- **What you will do**
Nothing but the lines from the one with "19 Jackson Pl, Brooklyn, NY" through the end of the listing below should appear in your reply, each copied exactly.

- **Records to process**
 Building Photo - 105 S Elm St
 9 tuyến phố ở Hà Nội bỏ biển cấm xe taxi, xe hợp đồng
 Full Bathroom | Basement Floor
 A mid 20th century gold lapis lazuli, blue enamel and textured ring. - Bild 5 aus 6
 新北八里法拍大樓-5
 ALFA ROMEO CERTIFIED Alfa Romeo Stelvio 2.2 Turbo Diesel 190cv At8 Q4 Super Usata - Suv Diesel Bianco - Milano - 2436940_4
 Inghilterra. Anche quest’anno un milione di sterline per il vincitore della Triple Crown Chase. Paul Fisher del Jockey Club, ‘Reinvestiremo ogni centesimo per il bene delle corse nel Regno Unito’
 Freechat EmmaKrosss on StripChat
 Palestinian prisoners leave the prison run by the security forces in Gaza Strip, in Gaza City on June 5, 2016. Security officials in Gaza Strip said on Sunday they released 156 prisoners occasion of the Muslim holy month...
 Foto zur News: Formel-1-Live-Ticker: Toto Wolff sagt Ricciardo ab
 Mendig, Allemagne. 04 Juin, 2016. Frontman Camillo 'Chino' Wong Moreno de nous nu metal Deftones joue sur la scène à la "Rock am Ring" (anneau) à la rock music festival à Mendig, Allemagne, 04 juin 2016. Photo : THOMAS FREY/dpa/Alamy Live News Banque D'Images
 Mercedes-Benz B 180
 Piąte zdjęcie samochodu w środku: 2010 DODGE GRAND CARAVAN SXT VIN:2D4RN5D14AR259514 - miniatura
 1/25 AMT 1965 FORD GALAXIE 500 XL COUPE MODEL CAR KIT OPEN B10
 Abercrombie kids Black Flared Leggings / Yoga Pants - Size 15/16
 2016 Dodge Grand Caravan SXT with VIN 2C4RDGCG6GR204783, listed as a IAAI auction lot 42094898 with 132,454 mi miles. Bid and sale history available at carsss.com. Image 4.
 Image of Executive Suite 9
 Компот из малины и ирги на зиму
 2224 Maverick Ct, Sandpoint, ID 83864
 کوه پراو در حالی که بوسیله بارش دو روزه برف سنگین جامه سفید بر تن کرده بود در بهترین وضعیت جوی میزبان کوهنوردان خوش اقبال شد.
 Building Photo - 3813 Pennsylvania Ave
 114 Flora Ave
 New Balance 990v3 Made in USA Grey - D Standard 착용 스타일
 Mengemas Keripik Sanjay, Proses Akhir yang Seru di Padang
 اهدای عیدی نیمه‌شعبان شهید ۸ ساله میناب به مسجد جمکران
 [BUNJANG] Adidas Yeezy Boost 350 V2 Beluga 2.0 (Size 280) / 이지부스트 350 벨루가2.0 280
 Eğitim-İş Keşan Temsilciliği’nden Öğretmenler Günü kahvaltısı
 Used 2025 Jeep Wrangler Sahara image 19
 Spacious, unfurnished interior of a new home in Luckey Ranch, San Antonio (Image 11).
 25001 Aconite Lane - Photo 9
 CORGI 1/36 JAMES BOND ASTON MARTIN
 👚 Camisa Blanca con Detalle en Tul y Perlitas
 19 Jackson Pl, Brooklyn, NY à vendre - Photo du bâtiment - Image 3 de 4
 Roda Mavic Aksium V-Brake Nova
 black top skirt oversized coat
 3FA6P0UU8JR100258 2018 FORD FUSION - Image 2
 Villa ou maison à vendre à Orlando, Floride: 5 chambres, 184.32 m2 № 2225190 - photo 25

- **Answer box**
 19 Jackson Pl, Brooklyn, NY à vendre - Photo du bâtiment - Image 3 de 4
 Roda Mavic Aksium V-Brake Nova
 black top skirt oversized coat
 3FA6P0UU8JR100258 2018 FORD FUSION - Image 2
 Villa ou maison à vendre à Orlando, Floride: 5 chambres, 184.32 m2 № 2225190 - photo 25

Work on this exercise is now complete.